8. エヴァファンには堪らない!鷺巣詩郎による音楽も

エヴァンゲリオンサントラ
「鷺巣詩郎が音楽担当」と発表された時点で期待したファンも多かったのではないでしょうか?鷺巣詩郎は『新世紀エヴァンゲリオン』の音楽を担当した人物です。 期待に違わず、本作にはエヴァの作戦BGMとしてお馴染みの曲がふんだんに使われています。しかもバージョンを変え、なんと6パターンも!ファンならずとも思わずニヤリとしてしまう、心憎い演出ですね。
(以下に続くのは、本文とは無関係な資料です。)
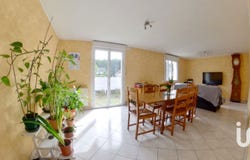 Argentré, Pays de la Loire 53210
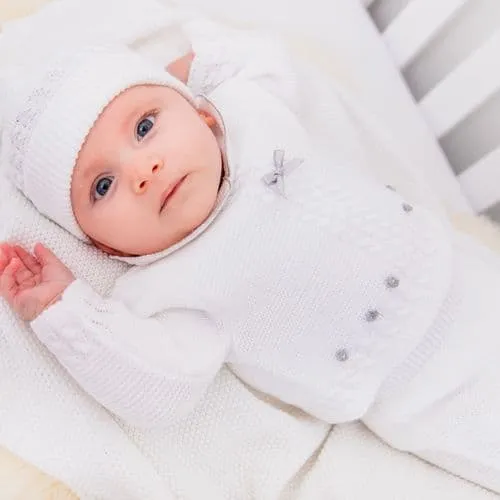 Unisex Baby Knitted Outfit with hat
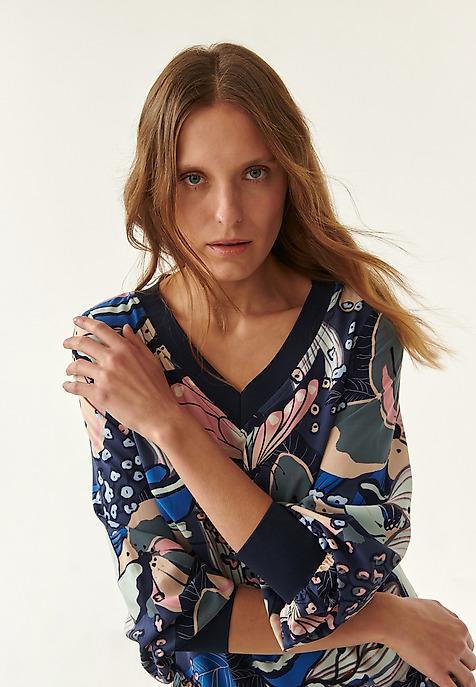 VOLNÉ ŠATY S POTISKEM EMRAMI VÍCEBAREVNÝ 2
9. 明朝体に早口。「エヴァンゲリオン」を彷彿とさせる演出

『新世紀エヴァンゲリオン』最終報告書
市川実日子演じる環境庁職員・尾頭ヒロミを筆頭に、キャストが競うように早口でしゃべる本作。さらに専門用語が多い上、長ったらしいお役所の部署名が視聴者を苦しめています。 庵野監督はリアルな災害対策室を作ろうと膨大な情報をセリフに込めたのですが、そのままだと到底放映時間に収まりません。内容は妥協せず時間内に収める、そこで思いついたのが早セリフだったのです。 元来、役人は早口で淡々としゃべるもの。過剰ともいうべき情報を詰め込むこの手法、実は本作に限ったことではないのです。 難解なセリフを早口で喋る、大量の情報を文字で表記する。これらは庵野秀明監督の代表作『新世紀エヴァンゲリオン』でも多用されています。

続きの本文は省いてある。